For Yorkshire, the Budget saw confirmation that the government had agreed a Devolution Deal with West Yorkshire to establish a Mayoral Combined Authority, with a directly elected Mayor from May 2021. The Deal will provide £1.1 billion of investment (split between capital and revenue) over 30 years, as well as devolving new decision-making powers on transport, planning and skills. The government is also providing up to £500,000 to support Bradford in its regeneration and development plans to realise the benefits from potential Northern Powerhouse Rail connections.
Devolution has been something of a ‘labour of love’ in Yorkshire over recent years as local leaders and the government sought to reach some form of accommodation on the terms and conditions of devolution in the region. Given the gaping hole within the middle of the Northern Powerhouse that was the absence of devolution in West Yorkshire, the announcement of a Deal is welcome. Crucially, however, it will be important that the government continues to work with other places in Yorkshire (such as York and North Yorkshire and the Humber) to instigate greater autonomy and flexibility. The forthcoming Devolution White Paper, which will be published over the coming months, will need to set out a clear approach as to how devolution in England, beyond large city-regions, will operate. YU looks forward to seeing the detail and responding to the White Paper in due course.
At a broader national level, the Budget set out plans to increase public research and innovation (R&I) investment to £22 billion per year by 2024-25, as the government attempts for the UK to invest 2.4% of GDP in R&I. Two objectives illustrated in the Budget attracted attention for those of us familiar with R&I policy, strategy and activity within Yorkshire. The first is support for world-leading research in all UK regions and nations. Whilst the second objective emphasises the crucial role of the private sector in increasing their investment in innovation. The changes to R&D tax credits are an attempt to drive greater demand amongst business, but other elements are needed in Yorkshire, including strengthening knowledge exchange between firms and universities, skills development and creating a broader environment that encourages enterprise and improved productivity within a wide range of diverse sectors and industries.
The government did announce that the Comprehensive Spending Review (CSR) would examine how overall R&I funding could be best distributed across the UK. The focus on place as a means of shaping R&I investment is being considered by UK Research and Innovation in its planned Place Strategy, and this has long been a key priority for YU. We will work to influence this Strategy and inform the government’s thinking ahead of CSR, and in particular emphasise the key contribution that our member institutions play in this regard.
Similarly, YU will look to influence the consultation on the new £2.5 billion National Skills Fund, and how to target the Fund effectively. We welcome the decision to provide £1.5 billion over five years in capital investment for FE colleges, and the proposal to establish up to 8 new Institutes of Technology is positive; we will be looking for Yorkshire to benefit from this.

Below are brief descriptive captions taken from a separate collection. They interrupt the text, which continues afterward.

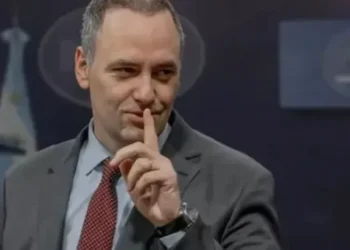 Adorni, cercado por papeles, testigos y chats: la causa que la Casa Rosada considera agotada sigue creciendo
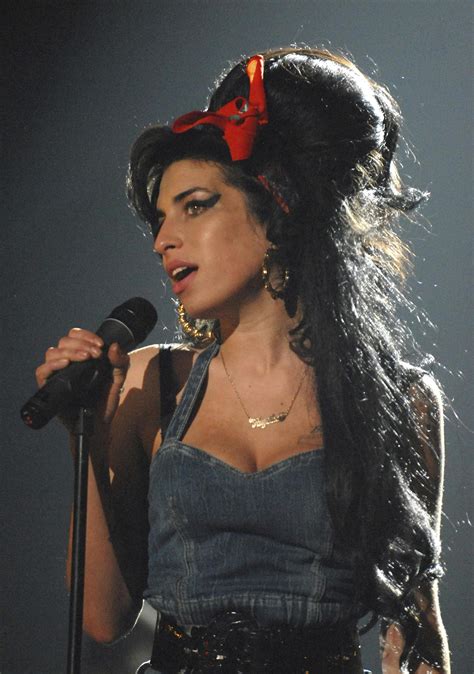 How Amy Winehouse Got Her Iconic Hair - Amy Winehouse Hairstyle ...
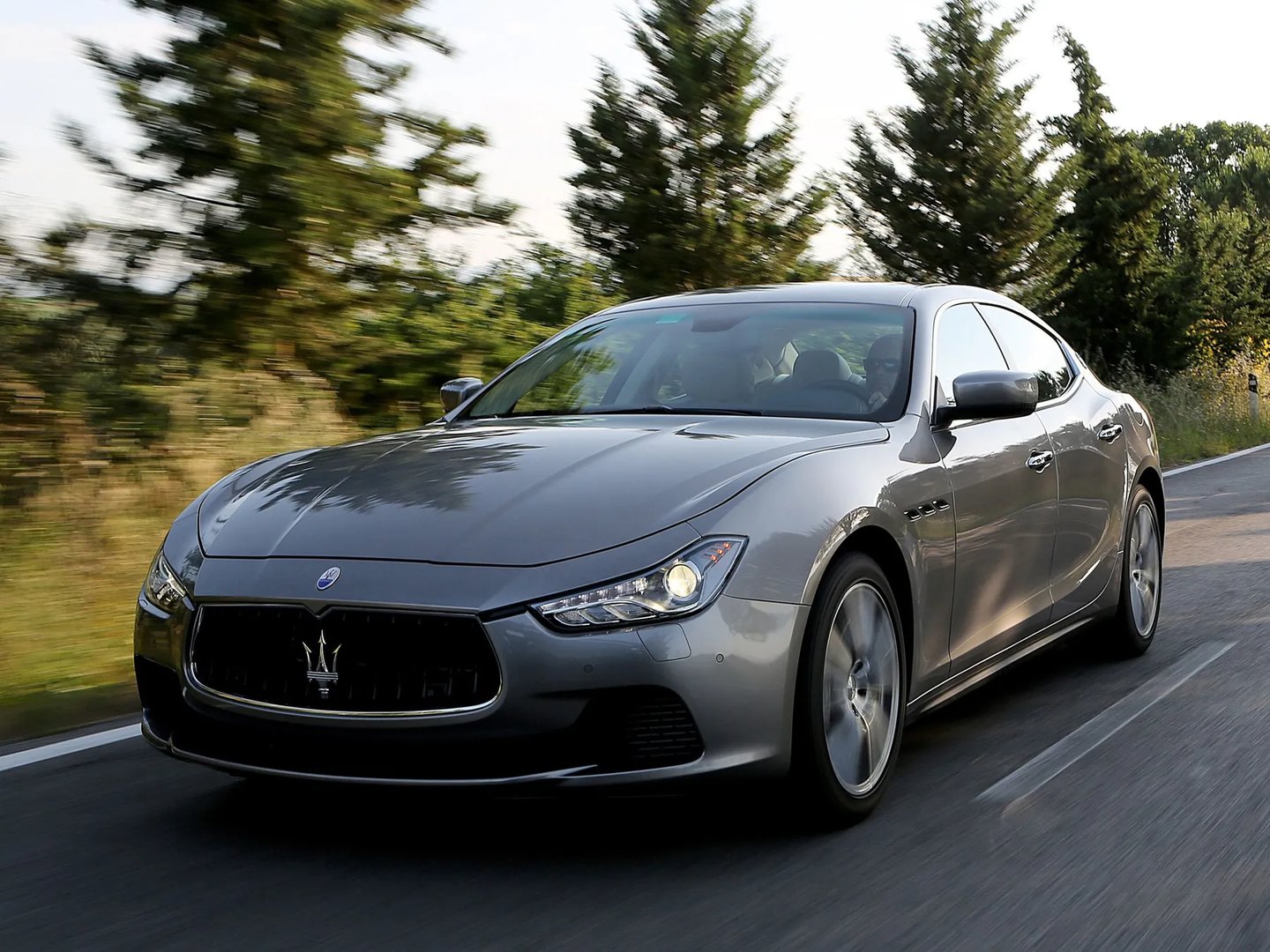 Maserati_Ghibli_3_generation__Sedan__2.jpg
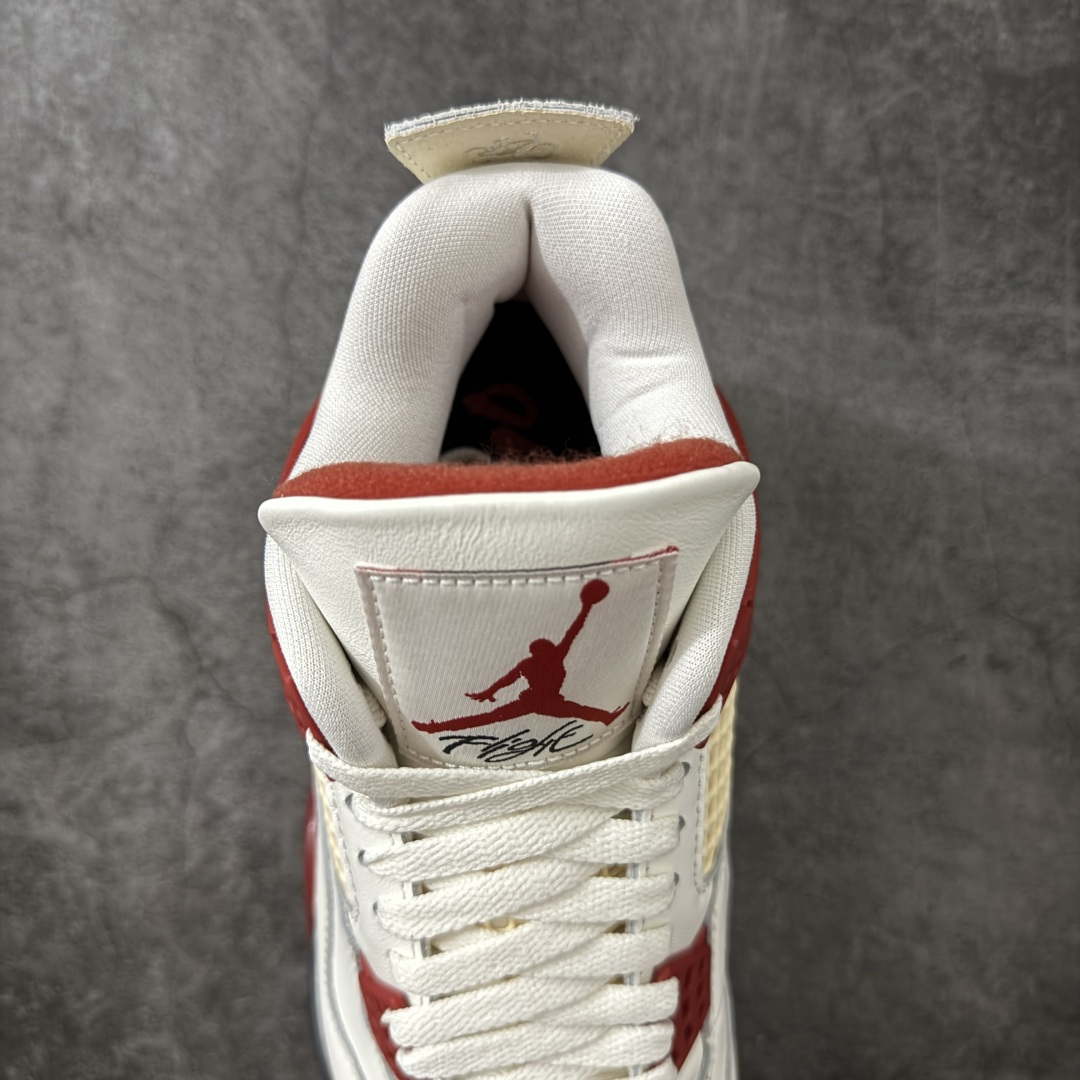 图片[8]-【GX美版】 Air Jordan × Nigel Sylvester Air Jordan AJ4 联名\”Brick After Brick\” 白红 白砖 货号：IQ8055-100 圈内最强四代 独家外贸特供尺码含 45.5 49.5 50.5 耗时半年巨作 全套原纸板楦头开发 原厂特供皮料加持 确保原汁原味 完美呈现四代版型 一比一鞋头弧度高度鞋身弧度 数据细节工艺流程均保持原鞋一致 原厂TPU网格鞋带扣 正确内里网布 菱角分明不变形无多余毛边 柔软性质感一致于原鞋 市场唯一原厂鞋扣模具 背面可见隐藏注塑口 原厂织唛标 原厂飞人电绣工艺 尾指中部跳三针 独家绑鞋带手法 印刷中底布 四线拉帮 米色美纹纸贴合固定 进口港宝加持 后跟自然饱满 全鞋荧光划线卡点 追求极致完美 每一双都是工艺品 多重QC质检 超越公司货的品控标准 实实在在的免检产品 尺码：40 40.5 41 42 42.5 43 44 44.5 45 46 46.5 47.5 48 48.5 49 50 50.5-选品中心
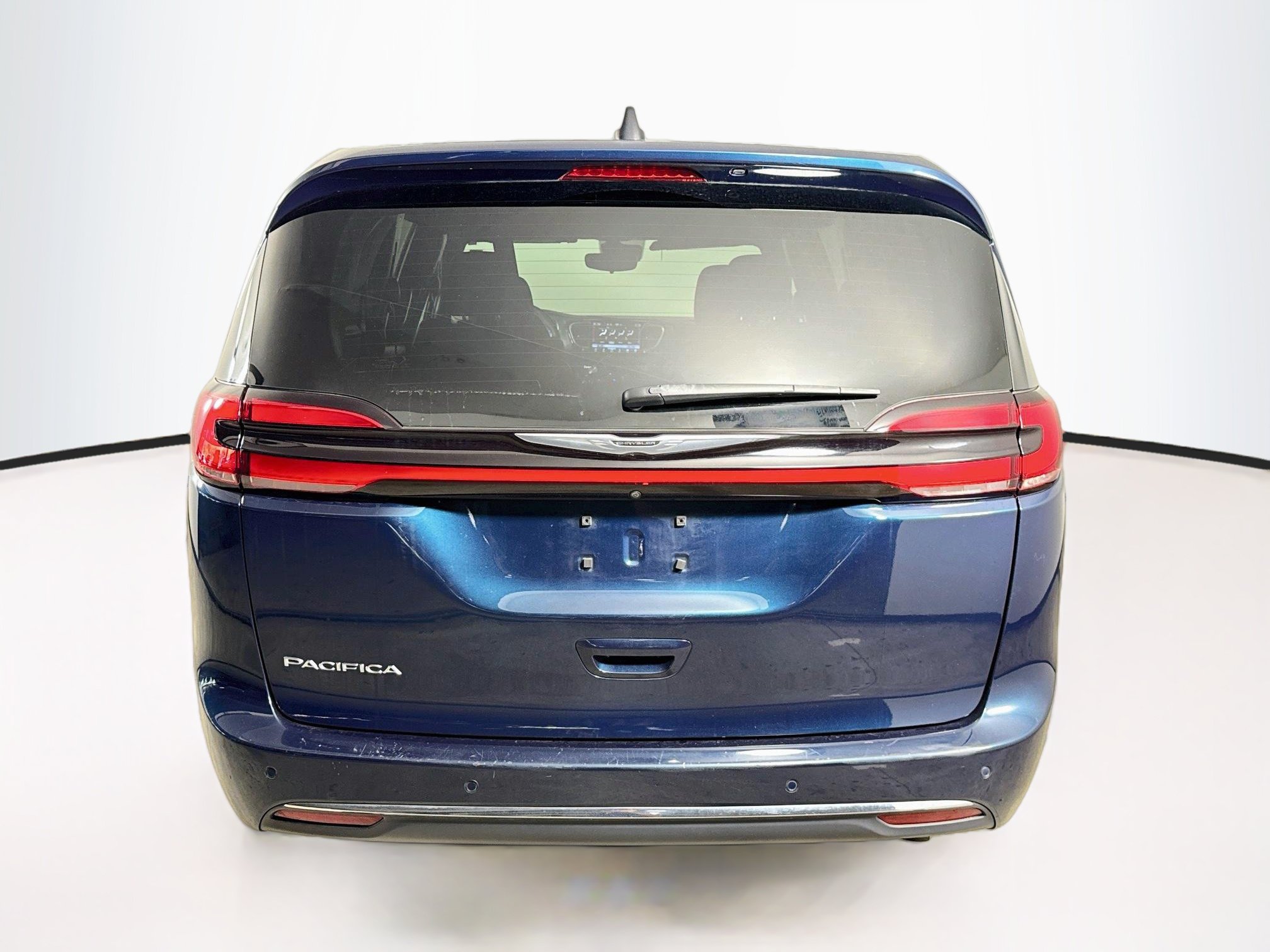 Used 2024 Chrysler Pacifica Touring FWD image 31
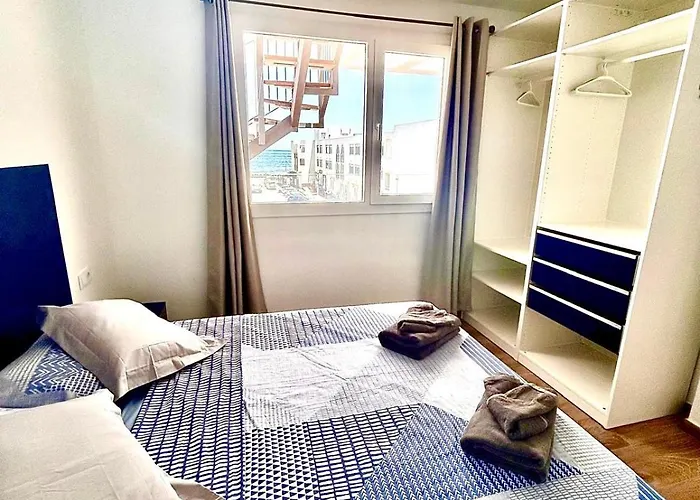 Stunning Sea View With Big Balcony In The Center קורלחו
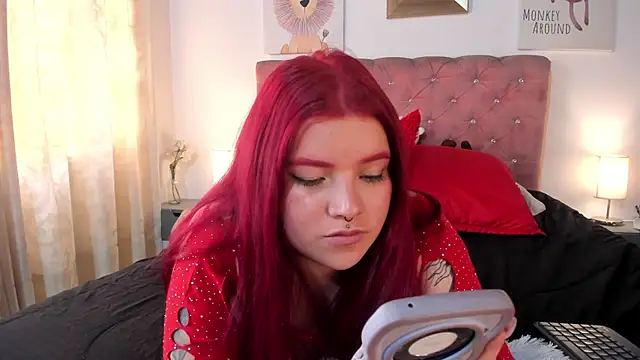 CelessteRedds webcam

Signalling his intention to change the ‘economic mindset’ of the government, the Chancellor spoke of establishing a new economic campus in the north of England, which would house officials from HM Treasury, BEIS, Communities and Local Government, DIT and local authorities. We would argue that Yorkshire would provide the ideal location for such an initiative. Finally, how the government assesses projects and programmes seeking capital investment from the public sector could be subject to change as the government reviews the Treasury’s Green Book rules. Whilst there is a need for some form of technical mechanism to consider the merits of specific infrastructure schemes, it has long been argued that the current rules favour and skew investment towards particular, more prosperous, parts of the country.
YU will be seeking to contribute towards this review, and will support our members and partners to take advantage of any new framework that materialises after the CSR.